[Start of section]

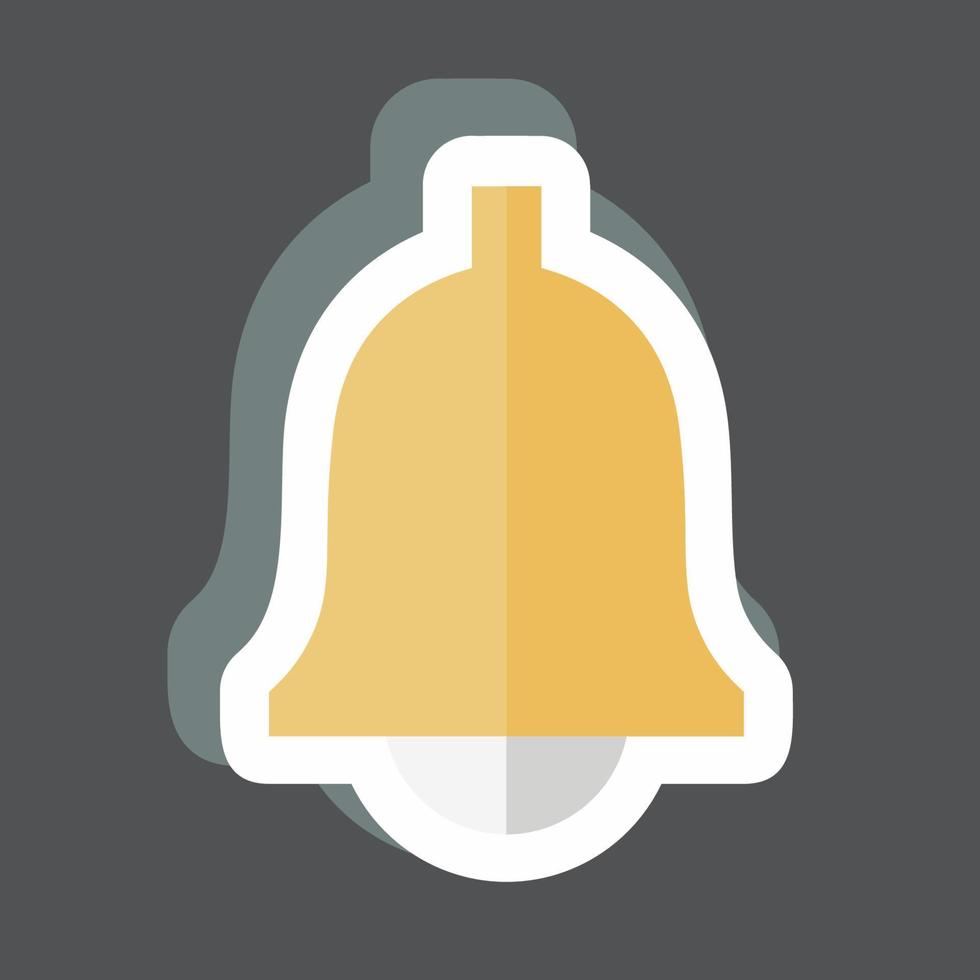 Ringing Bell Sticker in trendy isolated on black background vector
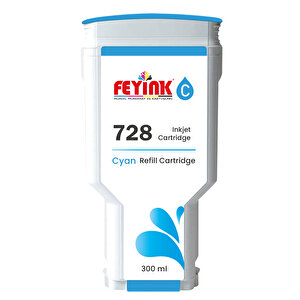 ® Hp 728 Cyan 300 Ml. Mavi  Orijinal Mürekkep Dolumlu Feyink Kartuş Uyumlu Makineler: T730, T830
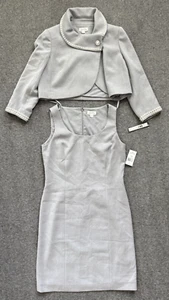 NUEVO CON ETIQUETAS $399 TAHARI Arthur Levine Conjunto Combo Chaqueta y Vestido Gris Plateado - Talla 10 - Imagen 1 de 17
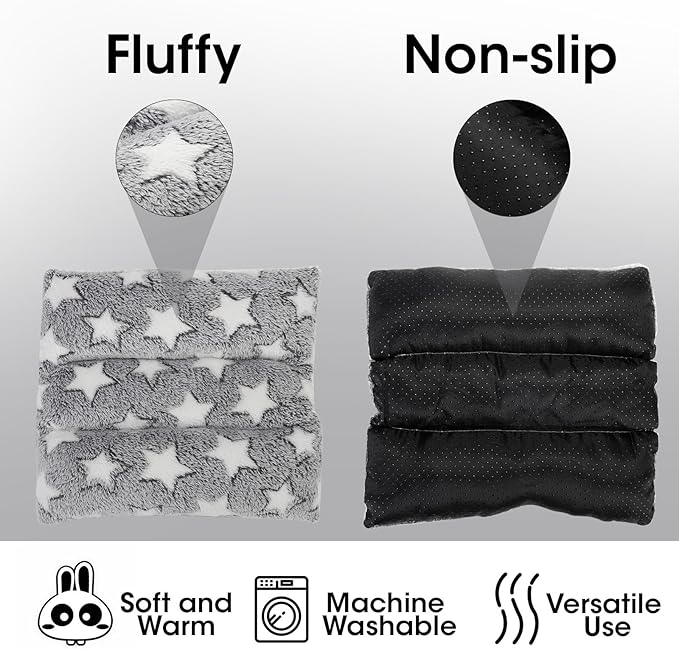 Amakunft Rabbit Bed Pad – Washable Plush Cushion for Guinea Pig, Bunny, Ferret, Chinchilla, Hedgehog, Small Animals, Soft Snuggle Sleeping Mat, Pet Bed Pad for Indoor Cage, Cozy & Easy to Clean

[End of section]
[Start of section]

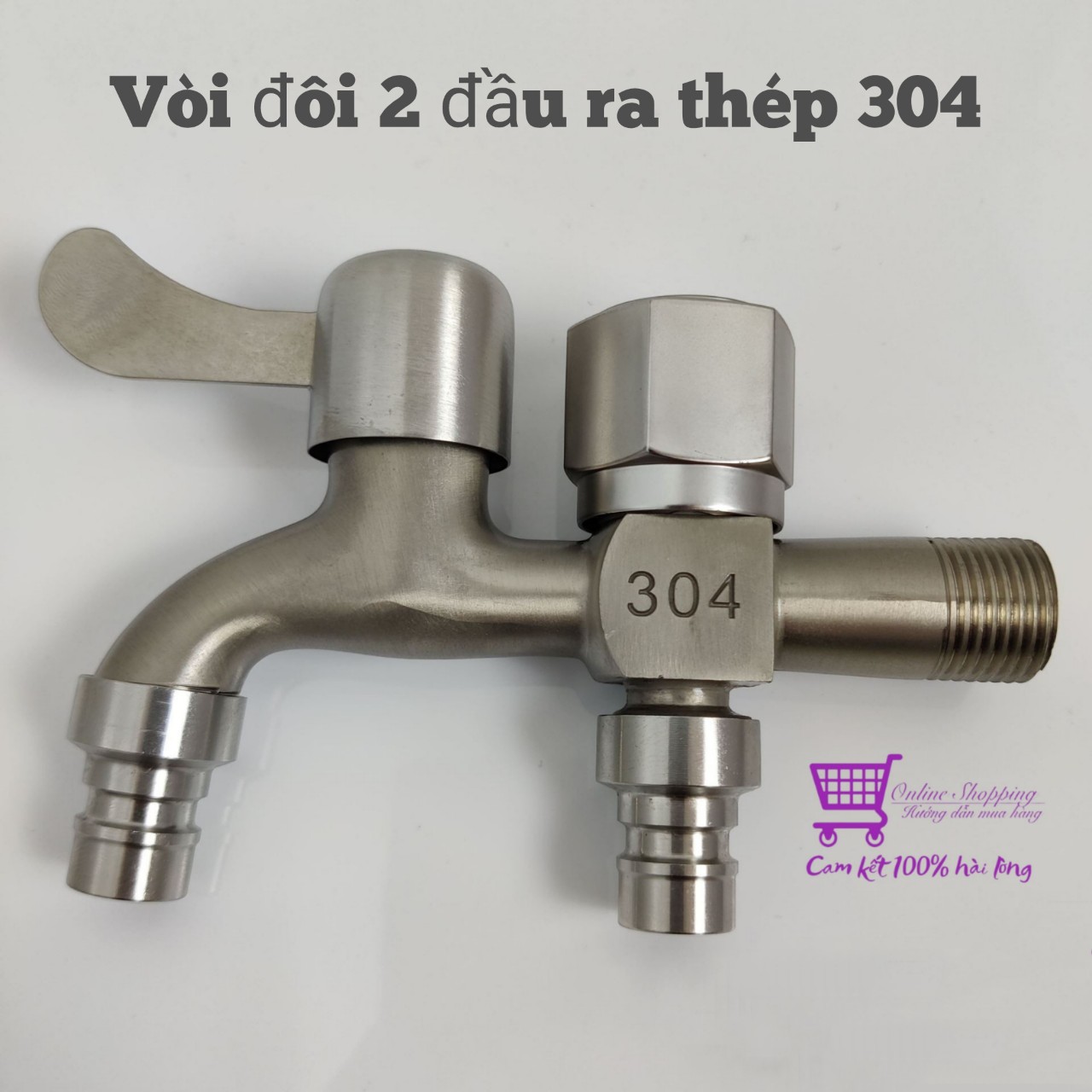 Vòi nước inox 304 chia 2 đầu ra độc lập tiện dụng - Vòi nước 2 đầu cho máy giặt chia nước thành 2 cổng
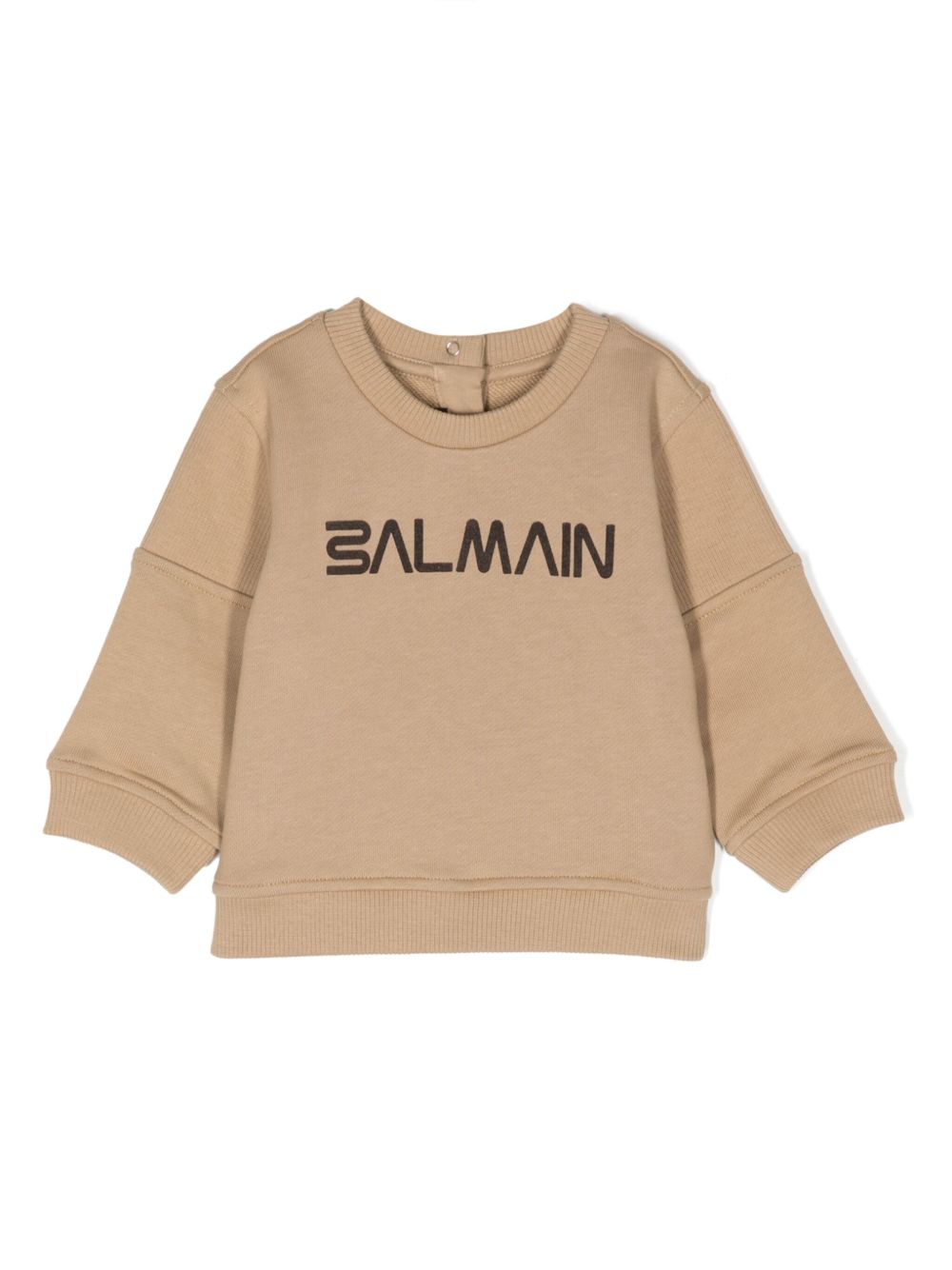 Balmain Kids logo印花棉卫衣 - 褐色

[End of section]

▶ Exercise aim
Copy the entries above exactly, but only the stretch from the line containing "Ringing Bell Sticker" through the line containing "Amakunft Rabbit Bed". Keep both end lines; drop the pictures.

▶ Written answer
 Ringing Bell Sticker in trendy isolated on black background vector
 ® Hp 728 Cyan 300 Ml. Mavi  Orijinal Mürekkep Dolumlu Feyink Kartuş Uyumlu Makineler: T730, T830
 NUEVO CON ETIQUETAS $399 TAHARI Arthur Levine Conjunto Combo Chaqueta y Vestido Gris Plateado - Talla 10 - Imagen 1 de 17
 Amakunft Rabbit Bed Pad – Washable Plush Cushion for Guinea Pig, Bunny, Ferret, Chinchilla, Hedgehog, Small Animals, Soft Snuggle Sleeping Mat, Pet Bed Pad for Indoor Cage, Cozy & Easy to Clean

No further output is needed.